» **TASK PROMPT**
Out of the data below, copy every line with the string "Anna".

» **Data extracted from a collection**
####################

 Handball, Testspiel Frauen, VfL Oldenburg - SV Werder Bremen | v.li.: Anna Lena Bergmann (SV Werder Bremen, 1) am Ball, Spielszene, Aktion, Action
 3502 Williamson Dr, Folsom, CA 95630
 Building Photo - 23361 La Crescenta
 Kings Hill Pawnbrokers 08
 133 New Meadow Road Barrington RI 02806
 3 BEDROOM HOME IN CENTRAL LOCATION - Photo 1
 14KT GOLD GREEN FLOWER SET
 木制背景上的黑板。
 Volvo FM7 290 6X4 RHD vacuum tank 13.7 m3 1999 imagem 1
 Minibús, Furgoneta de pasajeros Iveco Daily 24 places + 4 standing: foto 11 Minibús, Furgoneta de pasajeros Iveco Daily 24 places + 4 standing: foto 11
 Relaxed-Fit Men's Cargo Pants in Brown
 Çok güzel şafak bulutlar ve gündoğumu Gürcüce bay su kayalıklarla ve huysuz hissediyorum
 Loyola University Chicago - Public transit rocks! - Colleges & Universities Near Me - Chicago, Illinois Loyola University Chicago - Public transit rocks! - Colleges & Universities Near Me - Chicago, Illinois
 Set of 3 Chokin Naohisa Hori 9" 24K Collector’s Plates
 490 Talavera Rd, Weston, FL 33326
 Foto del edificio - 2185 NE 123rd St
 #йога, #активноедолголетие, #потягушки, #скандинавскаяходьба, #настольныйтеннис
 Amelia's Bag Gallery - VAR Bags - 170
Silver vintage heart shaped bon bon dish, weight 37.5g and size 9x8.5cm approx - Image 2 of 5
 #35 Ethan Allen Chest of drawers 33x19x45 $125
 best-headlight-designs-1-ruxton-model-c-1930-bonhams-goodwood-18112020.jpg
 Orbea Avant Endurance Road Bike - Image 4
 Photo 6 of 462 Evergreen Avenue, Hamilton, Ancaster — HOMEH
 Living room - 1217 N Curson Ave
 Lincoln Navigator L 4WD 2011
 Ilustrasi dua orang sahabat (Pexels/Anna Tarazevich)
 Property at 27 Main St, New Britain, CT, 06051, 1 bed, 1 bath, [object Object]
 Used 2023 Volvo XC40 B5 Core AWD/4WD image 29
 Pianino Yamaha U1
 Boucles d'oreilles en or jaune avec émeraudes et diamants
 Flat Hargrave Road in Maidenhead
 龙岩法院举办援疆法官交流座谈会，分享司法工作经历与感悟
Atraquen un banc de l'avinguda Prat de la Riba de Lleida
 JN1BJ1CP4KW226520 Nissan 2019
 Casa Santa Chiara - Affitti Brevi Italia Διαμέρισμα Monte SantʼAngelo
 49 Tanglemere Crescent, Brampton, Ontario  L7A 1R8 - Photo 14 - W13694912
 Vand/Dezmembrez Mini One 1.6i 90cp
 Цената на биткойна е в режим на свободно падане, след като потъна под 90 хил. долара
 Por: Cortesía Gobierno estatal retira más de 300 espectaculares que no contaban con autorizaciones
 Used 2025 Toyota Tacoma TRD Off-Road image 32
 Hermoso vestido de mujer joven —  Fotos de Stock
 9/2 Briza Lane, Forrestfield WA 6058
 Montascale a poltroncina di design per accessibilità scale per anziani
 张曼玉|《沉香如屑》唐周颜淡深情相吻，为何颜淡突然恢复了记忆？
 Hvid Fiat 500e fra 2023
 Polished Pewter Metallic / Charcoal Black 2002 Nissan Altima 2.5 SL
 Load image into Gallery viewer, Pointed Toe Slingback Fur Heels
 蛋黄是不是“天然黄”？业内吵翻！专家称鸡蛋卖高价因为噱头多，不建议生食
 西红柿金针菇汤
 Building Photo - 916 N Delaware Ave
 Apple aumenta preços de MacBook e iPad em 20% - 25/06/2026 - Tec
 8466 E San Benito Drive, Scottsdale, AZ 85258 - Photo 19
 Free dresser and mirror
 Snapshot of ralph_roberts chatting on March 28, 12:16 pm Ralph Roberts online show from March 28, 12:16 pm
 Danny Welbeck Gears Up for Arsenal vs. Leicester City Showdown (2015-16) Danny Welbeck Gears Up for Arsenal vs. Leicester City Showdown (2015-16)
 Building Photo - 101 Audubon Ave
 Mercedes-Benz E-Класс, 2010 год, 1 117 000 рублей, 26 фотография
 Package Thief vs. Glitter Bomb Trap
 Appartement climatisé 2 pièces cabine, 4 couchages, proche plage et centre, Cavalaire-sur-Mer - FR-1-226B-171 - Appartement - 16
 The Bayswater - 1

####################

» **THE ANSWER**
 Handball, Testspiel Frauen, VfL Oldenburg - SV Werder Bremen | v.li.: Anna Lena Bergmann (SV Werder Bremen, 1) am Ball, Spielszene, Aktion, Action
 Ilustrasi dua orang sahabat (Pexels/Anna Tarazevich)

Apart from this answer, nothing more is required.